On the question of Western Sahara, Ahmed Boukhari of the Frente Polisario said Morocco’s continued colonial occupation of that Territory was a challenge to United Nations authority. The Secretary-General’s report on the subject recommended several solutions that minimized and undermined the right to self-determination, he said, warning that such an attempt would establish a dangerous precedent of accepting a fait accompli of a colonial nature imposed by force. There was no need to renegotiate anything with Morocco. The issue at hand was to implement existing agreement. Prolonging the impasse would only deepen the gap between both parties. Mr. Boukhari said the United Nations must successfully implement its detailed peace plan and hold a referendum.
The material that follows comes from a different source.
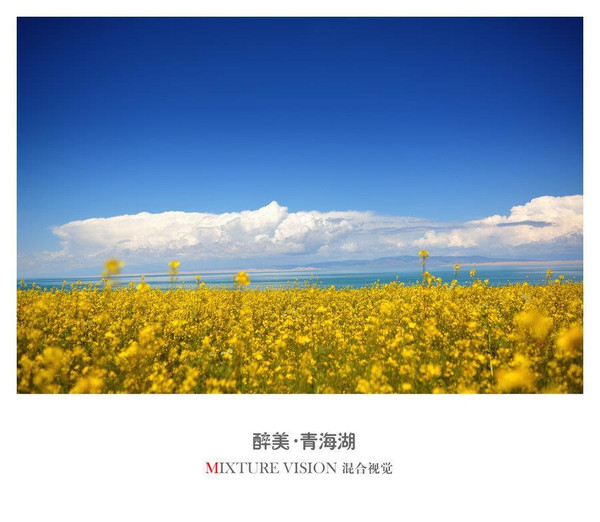 到青海湖旅游注意事项,去青海湖需要注意什么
To leave Western Sahara without achieving that objective because of a lack of firmness in the face of non-cooperation from Morocco would have serious implications.
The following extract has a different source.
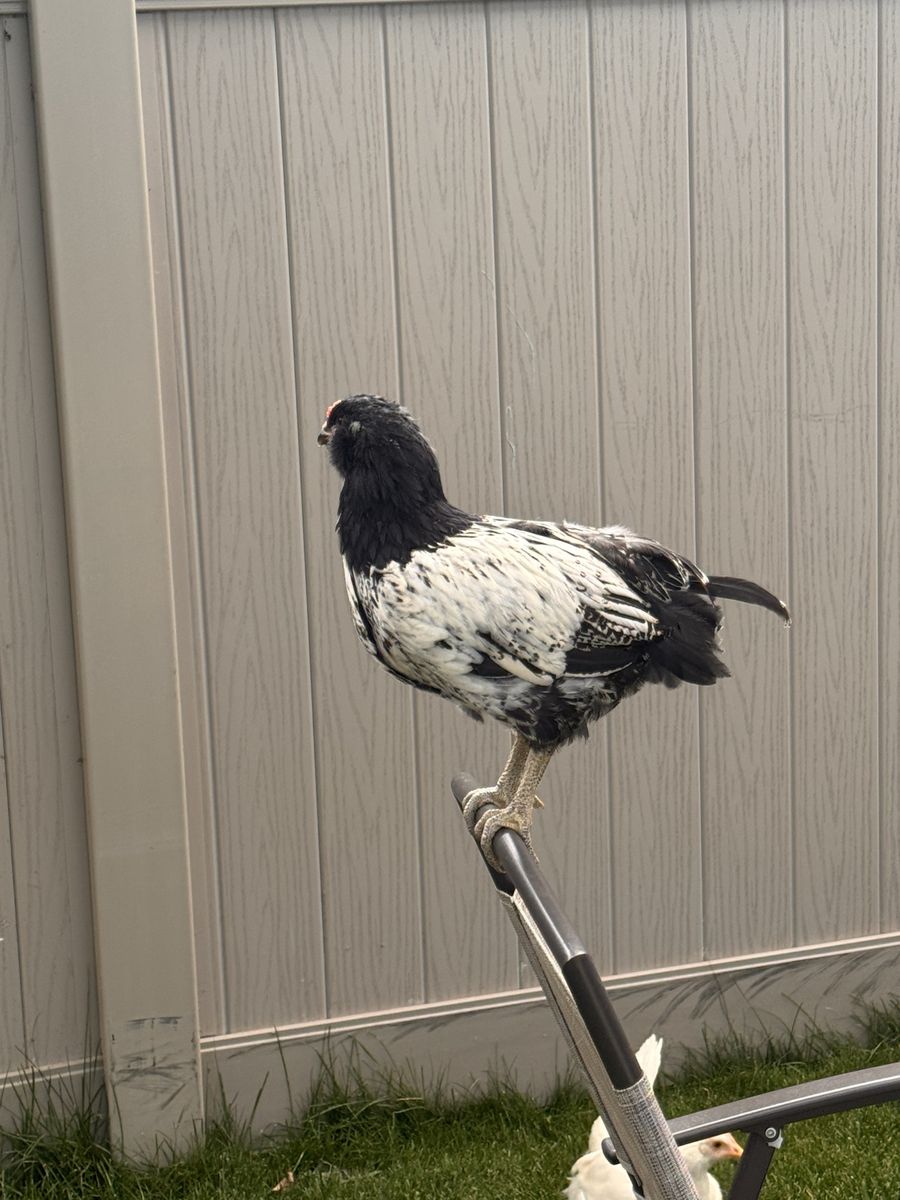 FREE ROOSTER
Also making statements were Committee Chairman Julian Hunte ( Saint Lucia) and the representative of Cuba.
The Committee will meet again at 10 a.m. on Wednesday, 7 June, to continue its deliberations.
The Special Committee on the Situation with regard to the Implementation of the Declaration on the Granting of Independence to colonial Countries and Peoples, known as the Special Committee on decolonization, met this morning to take up the questions of Western Sahara and Gibraltar.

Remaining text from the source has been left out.